According to calculations drawn from numbers included in a government-commissioned report looking into the Midlands Voluntary Right to Buy (VRTB) pilot, it is estimated that in the first year alone, the bill for the taxpayer would come close to £2.1bn.

Last year, a large-scale pilot of the Voluntary Right to Buy – a version of the policy agreed between the housing association sector and government in 2015 – came to an end in the Midlands after nearly two years of testing.

A consultancy’s evaluation report on the pilot, published last month by the Ministry of Housing, Communities and Local Government (MHCLG), estimated that were the policy rolled out across England, 32,000 housing association homes would be sold off in the first year.

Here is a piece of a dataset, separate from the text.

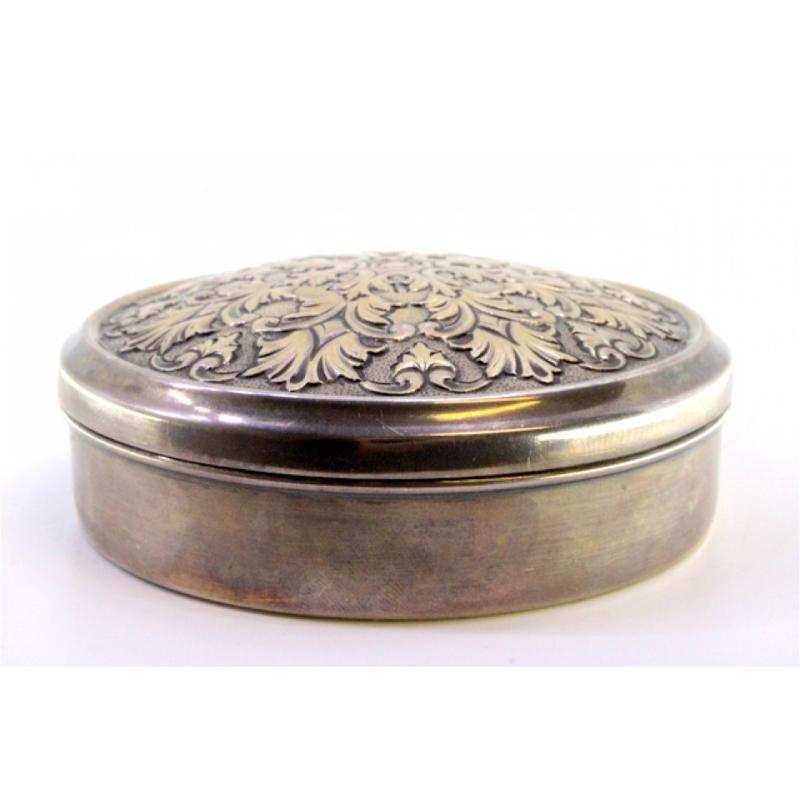 European Circular silver box with floral reliefs on the removable lid For Sale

After 10 years, the report said, 223,843 sales would take place.

The review also revealed that the 1,892 sales through the Midlands pilot cost the government £65,390 each on average, mostly through reimbursing providers for the sizeable discounts on offer.

At that price, Inside Housing has calculated that 223,843 sales would cost the Treasury £14.6bn, while the 32,000 anticipated in the first year of a national roll-out would cost £2.1bn.

For context, the government’s entire affordable housing grant budget for 2021/26 is £11.5bn, with that money expected to deliver 180,000 new homes.

MHCLG branded the figures “speculative” and claimed the evaluation report showed that the VRTB “is good value for money”.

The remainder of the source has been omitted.